I have a table with following lines
df <- data.frame(Time=c(1,3),date=c(23,12),
people=c("Apple&June&Peter","Apple&May&Mary"),stringsAsFactors=FALSE)
Time date people
1 23 Apple&June&Peter
3 12 App开发者_运维技巧le&May&Mary
I need to separate them into different rows:
Time date people
1 23 Apple
1 23 June
1 23 Peter
3 12 Apple
3 12 May
3 12 Mary
I know reshape + colsplit can be used to split the people column into different column on the same row.
How about row? How can I split them into different row but same column?

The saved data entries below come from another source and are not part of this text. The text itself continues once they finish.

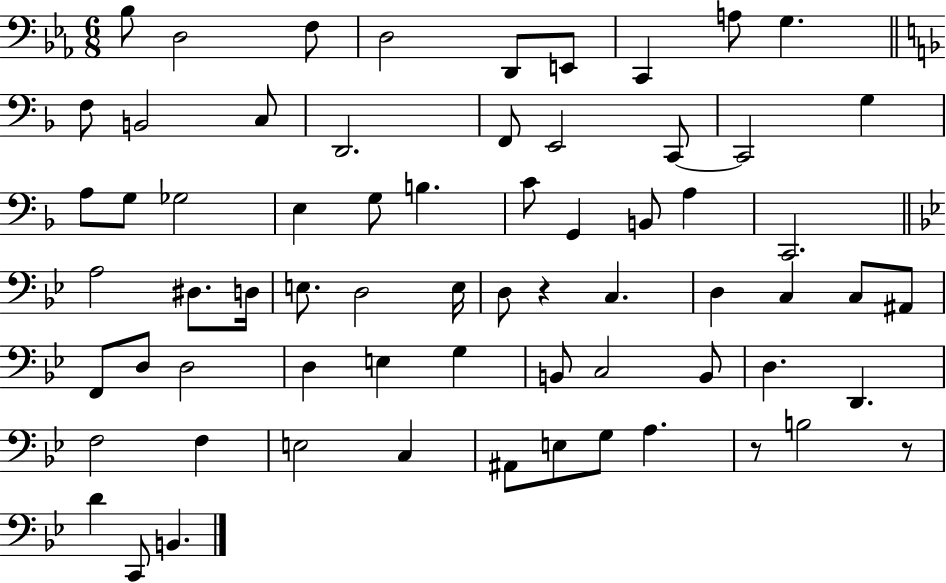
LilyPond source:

{
  \clef bass
  \numericTimeSignature
  \time 6/8
  \key ees \major
  \repeat volta 2 { bes8 d2 f8 | d2 d,8 e,8 | c,4 a8 g4. | \bar "||" \break \key f \major f8 b,2 c8 | d,2. | f,8 e,2 c,8~~ | c,2 g4 | \break a8 g8 ges2 | e4 g8 b4. | c'8 g,4 b,8 a4 | c,2. | \break \bar "||" \break \key g \minor a2 dis8. d16 | e8. d2 e16 | d8 r4 c4. | d4 c4 c8 ais,8 | \break f,8 d8 d2 | d4 e4 g4 | b,8 c2 b,8 | d4. d,4. | \break f2 f4 | e2 c4 | ais,8 e8 g8 a4. | r8 b2 r8 | \break d'4 c,8 b,4. | } \bar "|."
}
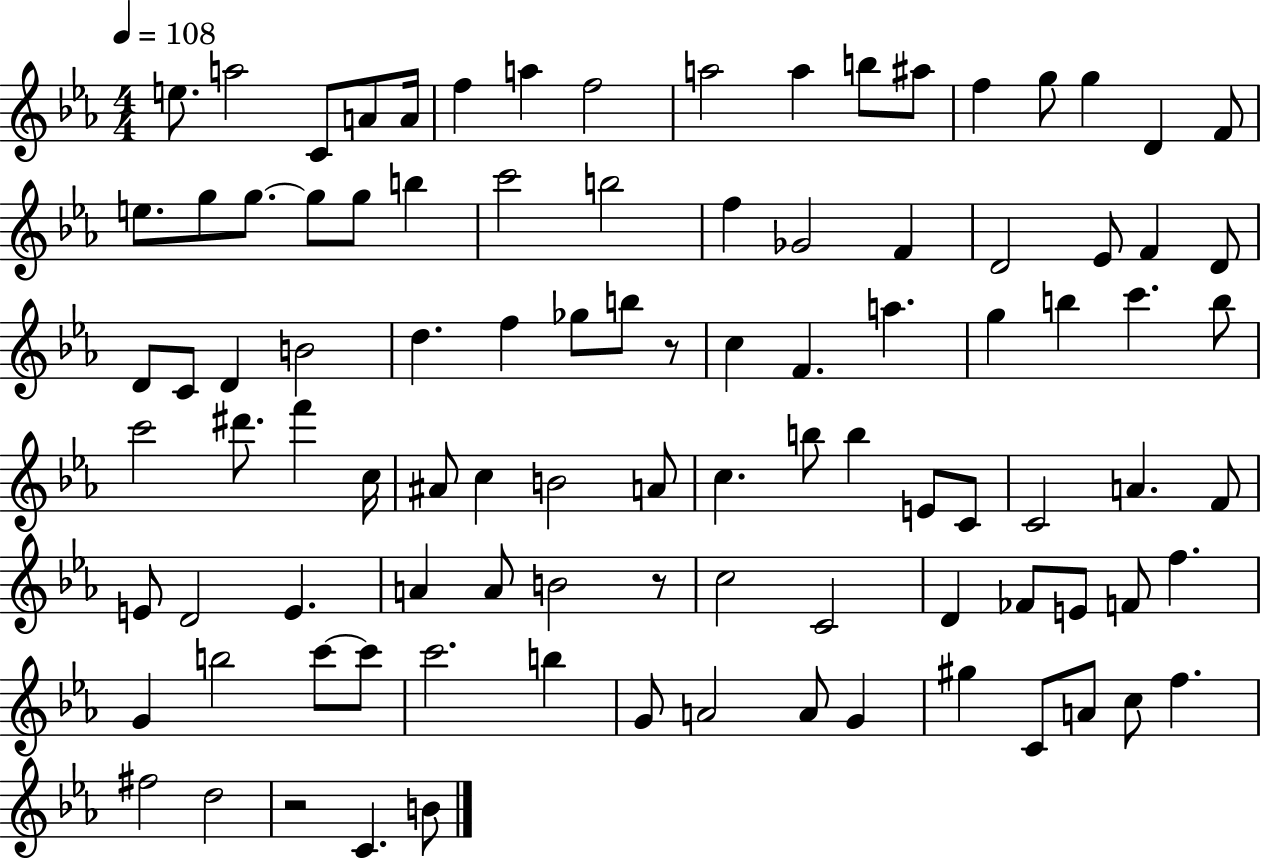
E5/e. A5/h C4/e A4/e A4/s F5/q A5/q F5/h A5/h A5/q B5/e A#5/e F5/q G5/e G5/q D4/q F4/e E5/e. G5/e G5/e. G5/e G5/e B5/q C6/h B5/h F5/q Gb4/h F4/q D4/h Eb4/e F4/q D4/e D4/e C4/e D4/q B4/h D5/q. F5/q Gb5/e B5/e R/e C5/q F4/q. A5/q. G5/q B5/q C6/q. B5/e C6/h D#6/e. F6/q C5/s A#4/e C5/q B4/h A4/e C5/q. B5/e B5/q E4/e C4/e C4/h A4/q. F4/e E4/e D4/h E4/q. A4/q A4/e B4/h R/e C5/h C4/h D4/q FES4/e E4/e F4/e F5/q. G4/q B5/h C6/e C6/e C6/h. B5/q G4/e A4/h A4/e G4/q G#5/q C4/e A4/e C5/e F5/q. F#5/h D5/h R/h C4/q. B4/e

A base way of doing this, using strsplit :
as.data.frame(
t(
do.call(cbind,
lapply(1:nrow(df),function(x){
sapply(unlist(strsplit(df[x,3],"&")),c,df[x,1:2],USE.NAMES=FALSE)
})
)
)
)
V1 Time date
1 Apple 1 23
2 June 1 23
3 Peter 1 23
4 Apple 3 12
5 May 3 12
6 Mary 3 12
df <- data.frame(Time=c(1,3),date=c(23,12),
people=c("Apple&June&Peter","Apple&May&Mary"),stringsAsFactors=FALSE)
long.people=strsplit(df$people,"&")
el.len=sapply(long.people,length)
new.df=data.frame(Time=rep(df$Time,el.len),date=rep(df$date,el.len),people=unlist(long.people))
new.df
Time date people
1 1 23 Apple
2 1 23 June
3 1 23 Peter
4 3 12 Apple
5 3 12 May
6 3 12 Mary
A variation on the reshape
solution, using stringr
for more convenient splitting of the names strings.
library(reshape)
library(stringr)
wide_df <- cbind(df[, 1:2], str_split_fixed(df[, 3], "&", 3))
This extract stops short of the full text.